GIVEN INFORMATION:

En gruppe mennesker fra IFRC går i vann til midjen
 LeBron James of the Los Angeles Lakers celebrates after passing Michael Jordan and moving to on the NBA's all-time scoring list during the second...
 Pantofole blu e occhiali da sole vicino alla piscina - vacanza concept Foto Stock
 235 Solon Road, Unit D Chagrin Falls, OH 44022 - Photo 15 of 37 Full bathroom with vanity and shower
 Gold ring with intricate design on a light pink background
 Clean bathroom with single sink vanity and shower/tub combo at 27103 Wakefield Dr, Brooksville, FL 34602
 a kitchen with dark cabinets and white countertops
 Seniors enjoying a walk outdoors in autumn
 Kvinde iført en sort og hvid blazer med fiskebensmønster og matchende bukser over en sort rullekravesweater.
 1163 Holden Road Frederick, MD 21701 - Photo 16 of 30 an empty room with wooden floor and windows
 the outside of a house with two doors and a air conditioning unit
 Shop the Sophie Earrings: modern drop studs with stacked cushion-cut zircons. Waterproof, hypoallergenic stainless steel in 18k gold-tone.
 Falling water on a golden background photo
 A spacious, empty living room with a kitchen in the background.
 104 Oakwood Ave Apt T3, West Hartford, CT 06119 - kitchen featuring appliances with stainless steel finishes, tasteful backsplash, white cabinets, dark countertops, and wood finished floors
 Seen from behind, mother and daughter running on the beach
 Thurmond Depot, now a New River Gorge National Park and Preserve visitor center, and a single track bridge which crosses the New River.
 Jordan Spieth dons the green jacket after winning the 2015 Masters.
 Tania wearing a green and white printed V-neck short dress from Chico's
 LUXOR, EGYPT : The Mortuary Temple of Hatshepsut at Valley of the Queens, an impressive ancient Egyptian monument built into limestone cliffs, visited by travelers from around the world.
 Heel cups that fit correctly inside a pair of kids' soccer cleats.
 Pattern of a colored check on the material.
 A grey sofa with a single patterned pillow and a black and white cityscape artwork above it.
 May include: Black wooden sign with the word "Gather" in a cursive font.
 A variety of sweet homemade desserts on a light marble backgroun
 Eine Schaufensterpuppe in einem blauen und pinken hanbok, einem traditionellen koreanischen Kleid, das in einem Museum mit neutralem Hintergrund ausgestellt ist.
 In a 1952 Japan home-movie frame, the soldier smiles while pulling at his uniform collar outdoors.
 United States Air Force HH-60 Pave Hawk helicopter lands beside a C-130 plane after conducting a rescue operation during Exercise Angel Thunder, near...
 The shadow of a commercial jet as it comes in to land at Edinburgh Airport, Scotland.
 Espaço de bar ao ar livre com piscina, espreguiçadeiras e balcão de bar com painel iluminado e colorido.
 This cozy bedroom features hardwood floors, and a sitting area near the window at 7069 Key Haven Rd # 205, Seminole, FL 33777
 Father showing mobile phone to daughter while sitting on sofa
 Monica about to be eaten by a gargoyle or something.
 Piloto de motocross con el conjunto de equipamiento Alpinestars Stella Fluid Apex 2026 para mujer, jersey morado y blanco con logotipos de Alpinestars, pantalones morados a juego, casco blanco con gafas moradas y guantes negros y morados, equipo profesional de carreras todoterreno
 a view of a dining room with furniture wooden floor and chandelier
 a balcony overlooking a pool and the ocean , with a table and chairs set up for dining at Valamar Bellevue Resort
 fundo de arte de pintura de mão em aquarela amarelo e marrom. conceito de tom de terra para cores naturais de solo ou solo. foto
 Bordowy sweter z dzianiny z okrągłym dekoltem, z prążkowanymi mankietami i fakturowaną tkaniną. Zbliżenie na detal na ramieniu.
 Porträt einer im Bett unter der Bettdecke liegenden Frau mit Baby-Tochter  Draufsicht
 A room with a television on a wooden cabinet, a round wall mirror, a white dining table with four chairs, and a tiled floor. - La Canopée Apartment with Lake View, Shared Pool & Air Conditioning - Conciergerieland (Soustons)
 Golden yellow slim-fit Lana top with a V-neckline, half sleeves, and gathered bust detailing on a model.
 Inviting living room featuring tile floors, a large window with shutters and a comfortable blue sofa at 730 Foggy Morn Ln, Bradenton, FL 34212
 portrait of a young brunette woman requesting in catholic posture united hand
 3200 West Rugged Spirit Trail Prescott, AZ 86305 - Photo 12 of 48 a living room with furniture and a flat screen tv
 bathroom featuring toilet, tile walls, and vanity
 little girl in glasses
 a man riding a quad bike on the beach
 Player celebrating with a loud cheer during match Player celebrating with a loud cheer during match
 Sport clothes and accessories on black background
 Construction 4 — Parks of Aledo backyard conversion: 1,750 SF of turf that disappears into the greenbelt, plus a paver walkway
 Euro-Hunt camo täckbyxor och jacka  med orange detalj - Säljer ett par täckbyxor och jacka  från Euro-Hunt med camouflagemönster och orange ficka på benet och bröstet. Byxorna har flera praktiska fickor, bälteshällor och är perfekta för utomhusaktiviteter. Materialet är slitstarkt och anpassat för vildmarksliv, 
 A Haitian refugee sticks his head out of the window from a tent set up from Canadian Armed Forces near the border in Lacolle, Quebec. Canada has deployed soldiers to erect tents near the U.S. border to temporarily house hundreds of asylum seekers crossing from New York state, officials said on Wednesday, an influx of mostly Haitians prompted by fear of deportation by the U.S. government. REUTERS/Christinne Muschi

GOAL OF THE EXERCISE: For the lines above, output exactly those from the line containing "Shop the Sophie" through the line containing "A spacious, empty", and skip the others.

RESPONSE TO THIS EXERCISE:
 Shop the Sophie Earrings: modern drop studs with stacked cushion-cut zircons. Waterproof, hypoallergenic stainless steel in 18k gold-tone.
 Falling water on a golden background photo
 A spacious, empty living room with a kitchen in the background.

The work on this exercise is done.